Synthetic ZSM-5 or ZSM-11, when employed as part of a catalyst in a hydrocarbon conversion process, should be dehydrated at least partially. This can be done by heating to a sufficient temperature, e.g. in the range of from about 65° C. to about 550° C. in an inert atmosphere, such as air, nitrogen, etc. and at atmospheric or subatmospheric pressures for between 1 and 48 hours. Dehydration can be performed at lower temperature merely by placing the zeolite in a vacuum, but a longer time is required to obtain a particular degree of dehydration. Organic materials, e.g. residues of organic directing agents, can be thermally decomposed in the newly synthesized zeolites by heating same at a sufficient temperature below the temperature at which the significant decomposition of the zeolite framework takes place, e.g., from about 200° C. to about 550° C., for a sufficient time, e.g. from 1 hour to about 48 hours.
Zeolites may be formed in a wide variety of particle sizes. Generally speaking, the particles can be in the form of a powder, a granule, or a molded product, such as extrudate having particle size sufficient to pass through a 2 mesh (Tyler) screen and be retained on a 400 mesh (Tyler) screen. In cases where the catalyst is molded, such as by extrusion, the crystalline material can be extruded before drying or dried or partially dried and then extruded.
In the case of the present catalysts, the zeolites are incorporated with another material resistant to the temperatures and other conditions employed in certain organic conversion processes. Such matrix or binder materials include active and inactive materials and synthetic or naturally occurring zeolites as well as inorganic materials such as clays, silica and/or metal oxides, e.g. alumina. The latter may be either naturally occurring or in the form of gelatinous precipitates, sols or gels including mixtures of silica and metal oxides. Use of a material in conjunction with a zeolite, i.e. combined therewith, which is active, may enhance the conversion and/or selectivity of the catalyst in certain organic conversion processes. Inactive materials suitably serve as diluents to control the amount of conversion in a given process so that products can be obtained economically and orderly without employing other means for controlling the rate of reaction. Frequently, crystalline silicate materials have been incorporated into naturally occurring clays, e.g. bentonite and kaolin. These materials, i.e. clays, oxides, etc., function, in part, as binders for the catalyst. It is desirable to provide a catalyst having good crush strength, because the catalyst may be subjected to rough handling, which tends to break the catalyst down into powder-like materials which cause problems in processing.

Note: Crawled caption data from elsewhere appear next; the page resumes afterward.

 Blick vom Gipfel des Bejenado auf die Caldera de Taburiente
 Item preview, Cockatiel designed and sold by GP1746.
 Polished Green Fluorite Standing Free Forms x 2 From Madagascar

Naturally occurring clays which can be composited with zeolites include the montmorillonite and kaolin families which include the subbentonites, and the kaolins commonly known as Dixie, McNamee, Georgia and Florida clays, or others in which the main mineral constituent is halloysite, kaolinite, dickite, nacrite or anauxite. Such clays can be used in the raw state as originally mined or initially subjected to calcination, acid treatment or chemical modification.

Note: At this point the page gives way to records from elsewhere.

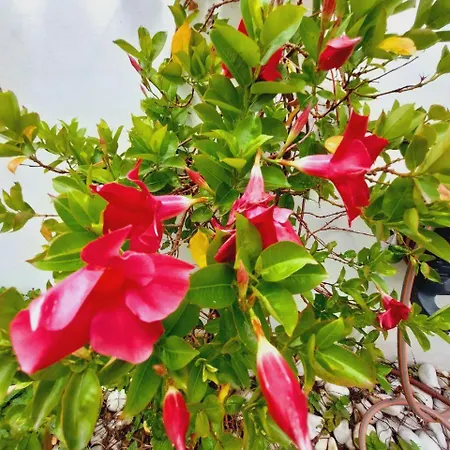 House With A Tropical Garden Сasa de vacaciones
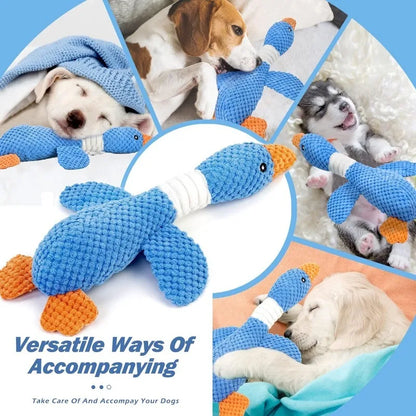 Interactive Chew Squeak Pet Toy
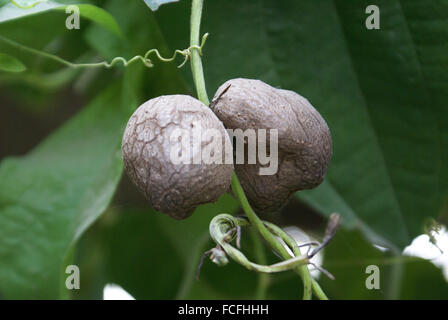 Dioscorea Alata, lila Yam, Tuberöse Wurzelgemüse mit Klettern Planrs mit herzförmigen Blätter, Blüten Antenne Zwiebelchen, Stockfoto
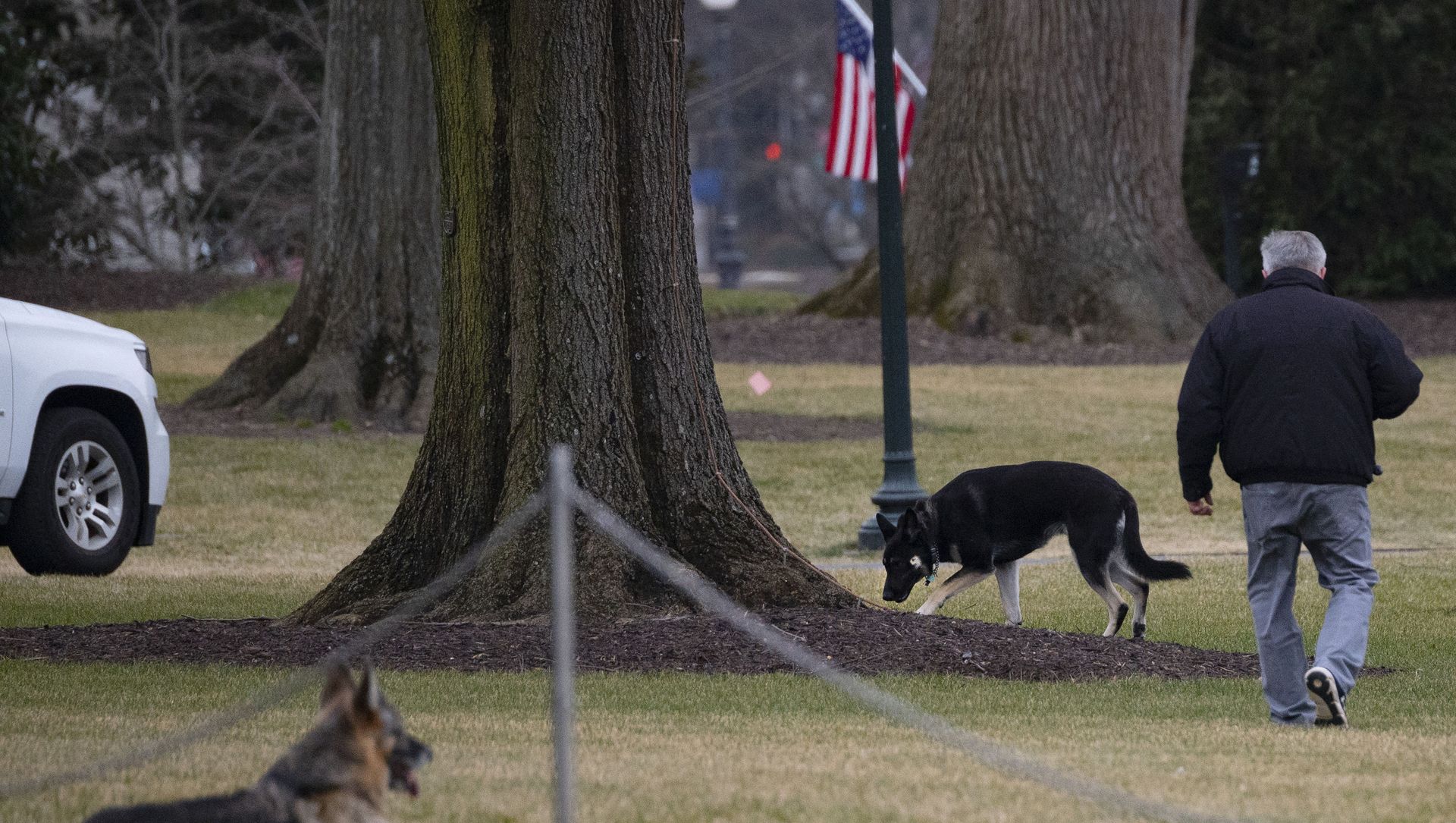 First dogs Champ and Major Biden are seen on the South Lawn of the White House in Washington, DC, on January 25, 2021. - Joe Biden's dogs Champ and Major have moved into the White House, reviving a long-standing tradition of presidential pets that was broken under Donald Trump. The pooches can be seen trotting on the White House grounds in pictures retweeted by First Lady Jill Biden's spokesman Michael LaRosa, with the pointed obelisk of the Washington Monument in the background.Champ is enjoying his new dog bed by the fireplace, and Major loved running around on the South Lawn, LaRosa told CNN in a statement on January 25, 2021. First dogs Champ and Major Biden are seen on the South Lawn of the White House in Washington, DC, on January 25, 2021. - Joe Biden's dogs Champ and Major have moved into the White House, reviving a long-standing tradition of presidential pets that was broken under Donald Trump. The pooches can be seen trotting on the White House grounds in pictures retweeted by First Lady Jill Biden's spokesman Michael LaRosa, with the pointed obelisk of the Washington Monument in the background.Champ is enjoying his new dog bed by the fireplace, and Major loved running around on the South Lawn, LaRosa told CNN in a statement on January 25, 2021. - Sputnik International, 1920, 09.03.2021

In addition to the foregoing materials, zeolites can be composited with a porous matrix material such as silica-alumina, silica-magnesia, silica-zirconia, silica-thoria, silica-beryllia, silica-titania, as well as ternary compositions such as silica-alumina-thoria, silica-alumina-zirconia, silica-alumina-magnesia and silica-magnesia-zirconia. The matrix can be in the form of a cogel. A mixture of these components could also be used.

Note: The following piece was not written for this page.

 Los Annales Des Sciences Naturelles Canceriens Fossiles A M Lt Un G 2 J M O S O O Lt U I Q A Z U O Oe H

The catalyst used in the present paraffin conversion process may be in a variety of forms including in the form of extrudates or spray-dried microspheres. The Bowes U.S. Pat. No. 4,582,815, the entire disclosure of which is expressly incorporated herein by reference, describes a silica and ZSM-5 extrudate. The Chu et al U.S. Pat. No. 4,522,705 describes spray-dried microspheres containing alumina and ZSM-5. This form of microspheres, as opposed to extrudates, is preferred when the catalyst is to be contacted with the hydrocarbon feedstock in a fluid bed reactor.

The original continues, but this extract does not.